A startling discovery
One day you hear something that, quite frankly, you at first find hard to believe. It is referred to as the “dirty little secret of the pro-life industry,” and it is this: no pro-life organization supports criminal penalties for the act of abortion (for the mothers who choose to commit it). “But wait,” you say. “If abortion is the murder of an innocent human being, and mothers can choose to have abortions without facing any penalty, and pro-life organizations support this absence of penalty under the law, then are such organizations helping keep murder by abortion legal?” Surely this can’t be! (And doesn’t that sound pro-choice?)

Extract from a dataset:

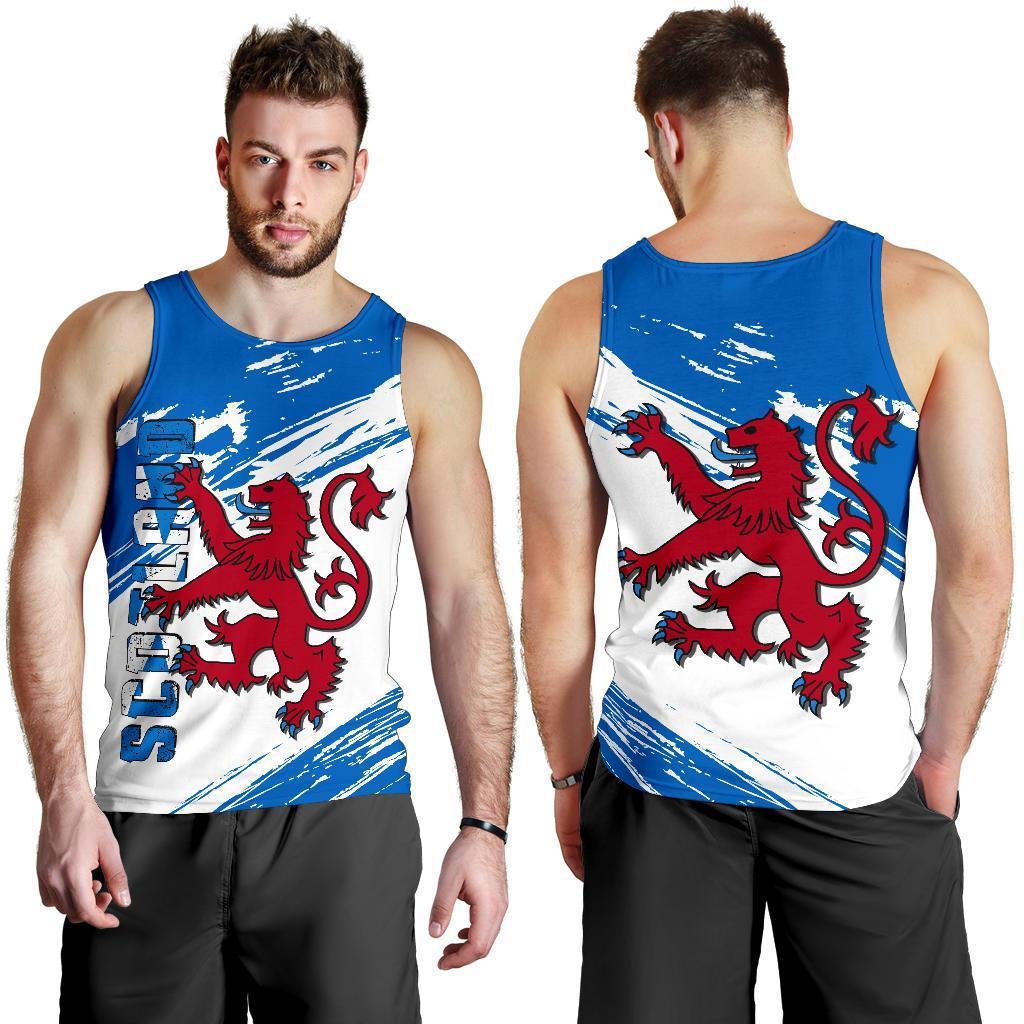 Scotland State Men's Tank Top Original - Vibe Hoodie Shop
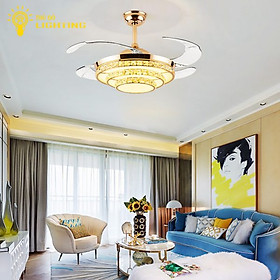 Mua Quạt Trần Đèn VinLed 69-CT2 (LM872) Led 3 Chế Độ Điều Khiển Từ Xa Thông Minh Tăng Chỉnh Ánh Sáng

You begin to investigate, and come across a May 2022 letter titled, “An Open Letter to State Lawmakers from America’s Leading Pro-Life Organizations,” bearing the names of 76 different pro-life groups. The letter says in no uncertain terms:
“As national and state pro-life organizations, representing tens of millions of pro-life men, women, and children across the country, let us be clear: We state unequivocally that we do not support any measure seeking to criminalize or punish women and we stand firmly opposed to include such penalties in legislation.”1
So, not so secret, then. And they don’t represent me! You notice the misleading language. What is left out? “[W]e do not support any measure seeking to … punish women” who murder their own preborn children. And why refer to “criminalizing women”? It makes it sound as if a law treating abortion as murder would criminalize a class of people on account of being women, and not rather be against the act of abortion itself, and any principal actors and co-conspirators involved. You also note that not only do they support the absence of penalties for mothers who commit murder by abortion, they “stand firmly opposed to include such penalties in legislation.”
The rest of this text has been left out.